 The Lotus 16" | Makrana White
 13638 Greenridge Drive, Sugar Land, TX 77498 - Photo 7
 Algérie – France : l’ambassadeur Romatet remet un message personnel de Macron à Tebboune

------------------------------------

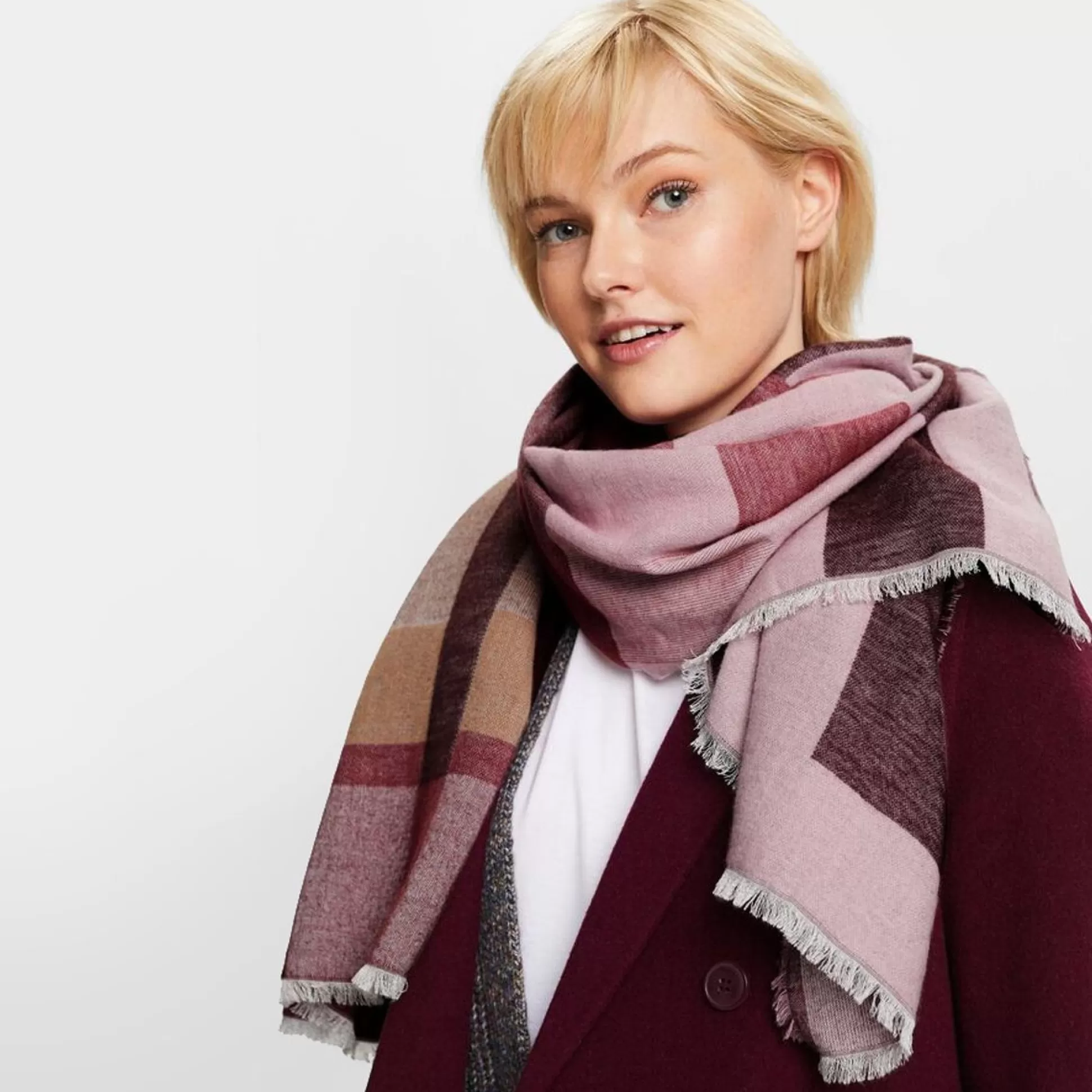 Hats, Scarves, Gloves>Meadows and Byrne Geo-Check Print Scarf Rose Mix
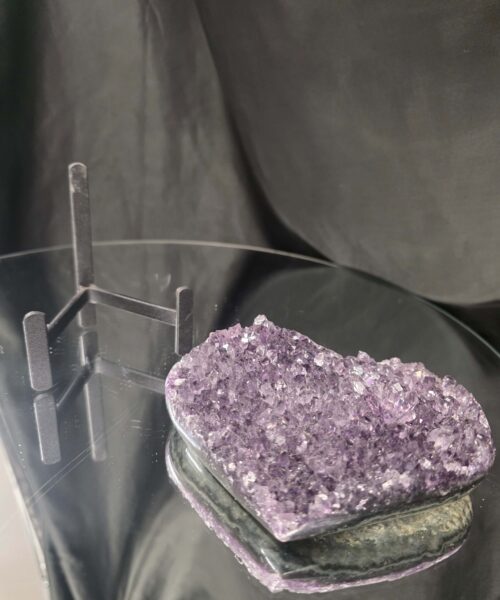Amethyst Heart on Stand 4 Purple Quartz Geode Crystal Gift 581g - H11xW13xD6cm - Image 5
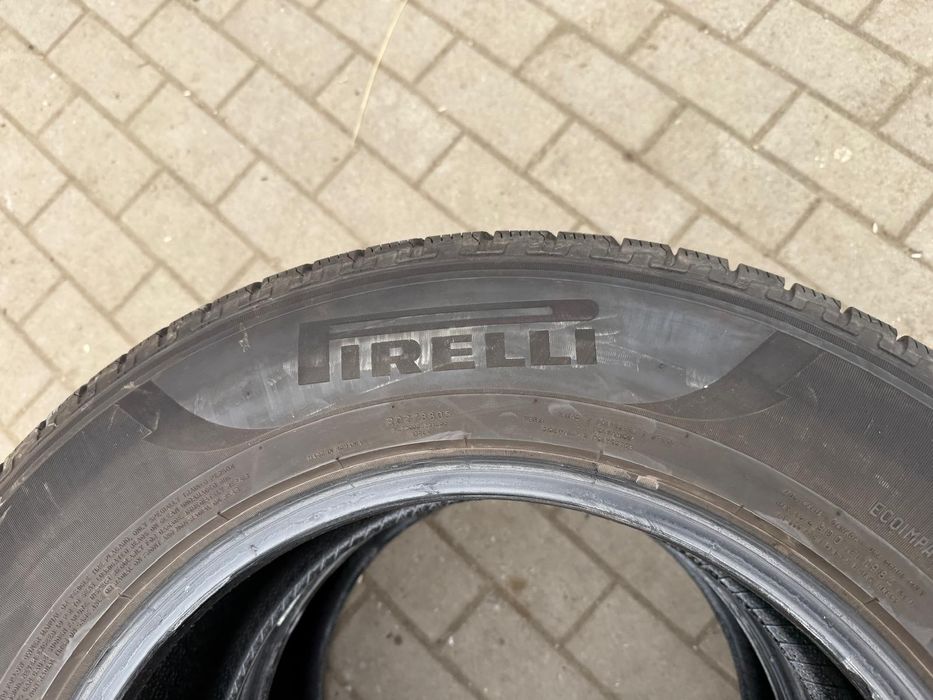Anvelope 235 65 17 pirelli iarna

------------------------------------

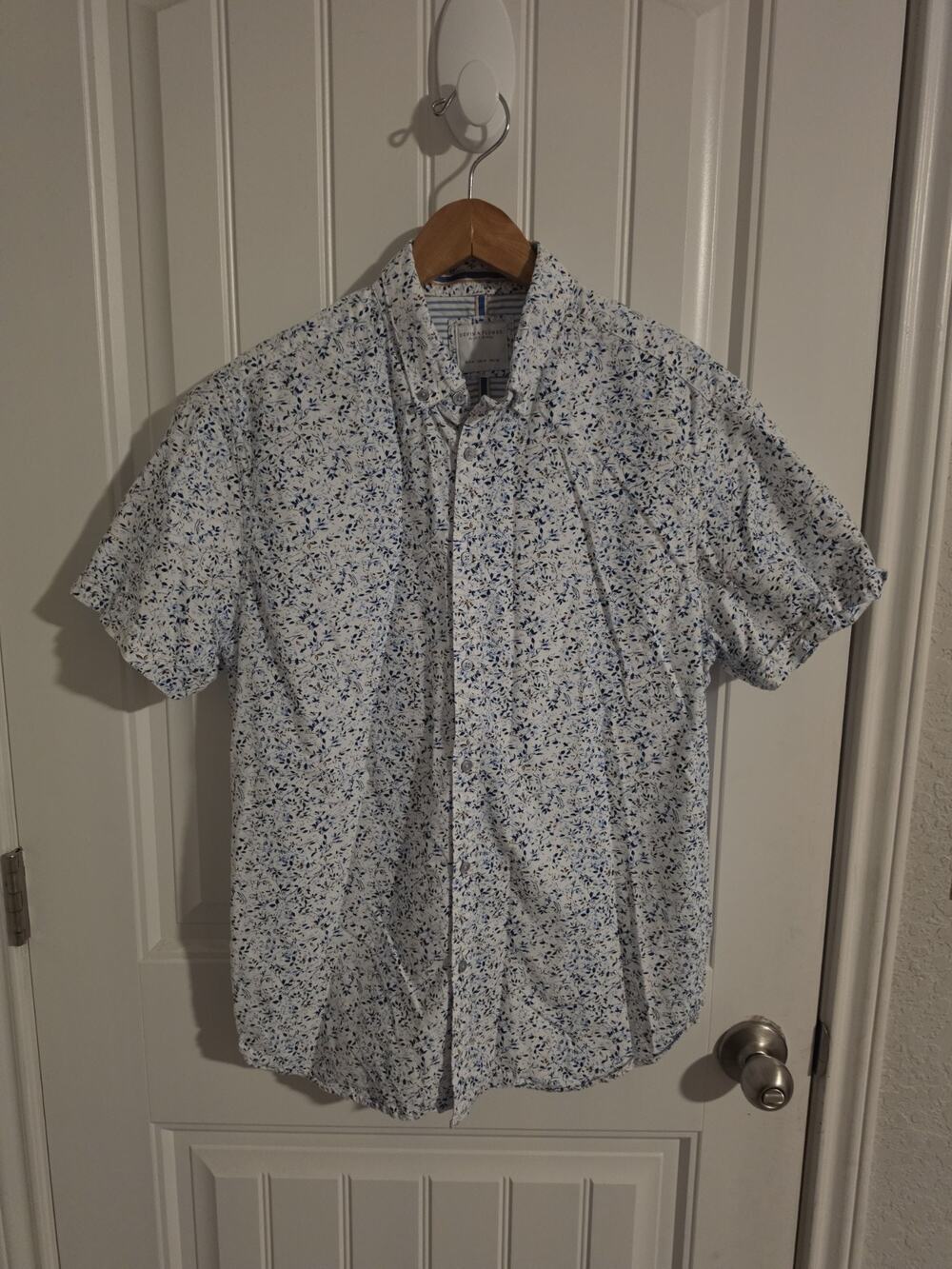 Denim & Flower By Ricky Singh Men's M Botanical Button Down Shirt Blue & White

------------------------------------

## Directions
Your answer is the exact run of lines above from the one with "Hats, Scarves, Gloves>Meadows" through the one with "Anvelope 235 65 17 pirelli iarna", both ends included, minus any picture.

## Solution to the exercise
 Hats, Scarves, Gloves>Meadows and Byrne Geo-Check Print Scarf Rose Mix
Amethyst Heart on Stand 4 Purple Quartz Geode Crystal Gift 581g - H11xW13xD6cm - Image 5
Anvelope 235 65 17 pirelli iarna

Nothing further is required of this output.